*Records for this exercise:*
--
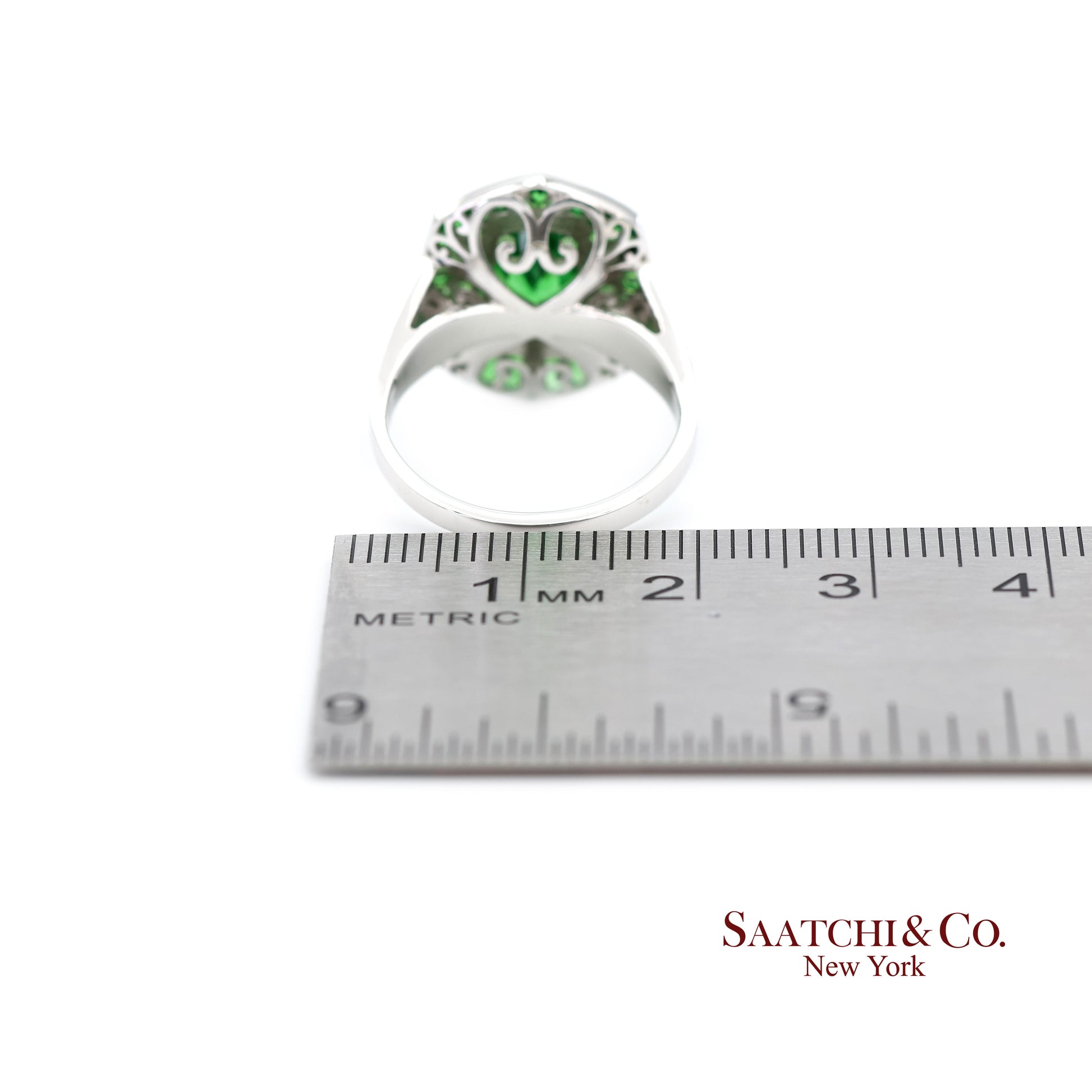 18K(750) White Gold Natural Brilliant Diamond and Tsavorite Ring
--
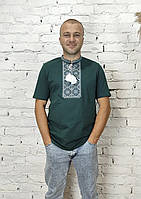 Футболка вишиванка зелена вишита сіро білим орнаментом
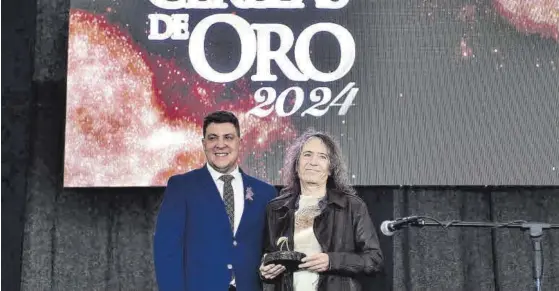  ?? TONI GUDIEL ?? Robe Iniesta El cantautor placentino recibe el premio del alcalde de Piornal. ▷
--
*Task directions:* Copy needed, without pictures: the lines of the listing above from the line containing "Футболка вишиванка зелена" up to and including the line containing "de Piornal. ▷", set down exactly.

*Answer section:*
 Футболка вишиванка зелена вишита сіро білим орнаментом
  ?? TONI GUDIEL ?? Robe Iniesta El cantautor placentino recibe el premio del alcalde de Piornal. ▷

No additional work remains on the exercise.